WHAT YOU HAVE TO DO: Provide the data again exactly, including every line that follows.

_ _ _

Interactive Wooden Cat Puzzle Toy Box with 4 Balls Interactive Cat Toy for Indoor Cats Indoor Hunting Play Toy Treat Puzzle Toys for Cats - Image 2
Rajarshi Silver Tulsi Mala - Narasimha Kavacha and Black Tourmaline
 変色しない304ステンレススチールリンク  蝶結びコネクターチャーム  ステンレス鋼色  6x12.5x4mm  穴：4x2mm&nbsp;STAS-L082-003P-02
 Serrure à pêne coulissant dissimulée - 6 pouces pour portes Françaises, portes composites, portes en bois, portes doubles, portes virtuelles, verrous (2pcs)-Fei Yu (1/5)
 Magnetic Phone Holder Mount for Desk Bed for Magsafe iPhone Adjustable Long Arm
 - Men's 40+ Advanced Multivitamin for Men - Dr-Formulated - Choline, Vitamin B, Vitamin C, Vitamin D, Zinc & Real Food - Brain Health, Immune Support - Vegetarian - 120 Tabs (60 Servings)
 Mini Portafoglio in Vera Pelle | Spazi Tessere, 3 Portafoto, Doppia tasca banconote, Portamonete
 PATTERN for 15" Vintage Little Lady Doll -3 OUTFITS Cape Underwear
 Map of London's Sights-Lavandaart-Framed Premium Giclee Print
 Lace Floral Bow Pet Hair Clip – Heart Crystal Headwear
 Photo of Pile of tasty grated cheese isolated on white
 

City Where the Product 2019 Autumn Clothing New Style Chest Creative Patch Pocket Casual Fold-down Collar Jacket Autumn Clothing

_ _ _

EXERCISE RESPONSE:
Interactive Wooden Cat Puzzle Toy Box with 4 Balls Interactive Cat Toy for Indoor Cats Indoor Hunting Play Toy Treat Puzzle Toys for Cats - Image 2
Rajarshi Silver Tulsi Mala - Narasimha Kavacha and Black Tourmaline
 変色しない304ステンレススチールリンク  蝶結びコネクターチャーム  ステンレス鋼色  6x12.5x4mm  穴：4x2mm&nbsp;STAS-L082-003P-02
 Serrure à pêne coulissant dissimulée - 6 pouces pour portes Françaises, portes composites, portes en bois, portes doubles, portes virtuelles, verrous (2pcs)-Fei Yu (1/5)
 Magnetic Phone Holder Mount for Desk Bed for Magsafe iPhone Adjustable Long Arm
 - Men's 40+ Advanced Multivitamin for Men - Dr-Formulated - Choline, Vitamin B, Vitamin C, Vitamin D, Zinc & Real Food - Brain Health, Immune Support - Vegetarian - 120 Tabs (60 Servings)
 Mini Portafoglio in Vera Pelle | Spazi Tessere, 3 Portafoto, Doppia tasca banconote, Portamonete
 PATTERN for 15" Vintage Little Lady Doll -3 OUTFITS Cape Underwear
 Map of London's Sights-Lavandaart-Framed Premium Giclee Print
 Lace Floral Bow Pet Hair Clip – Heart Crystal Headwear
 Photo of Pile of tasty grated cheese isolated on white
 

City Where the Product 2019 Autumn Clothing New Style Chest Creative Patch Pocket Casual Fold-down Collar Jacket Autumn Clothing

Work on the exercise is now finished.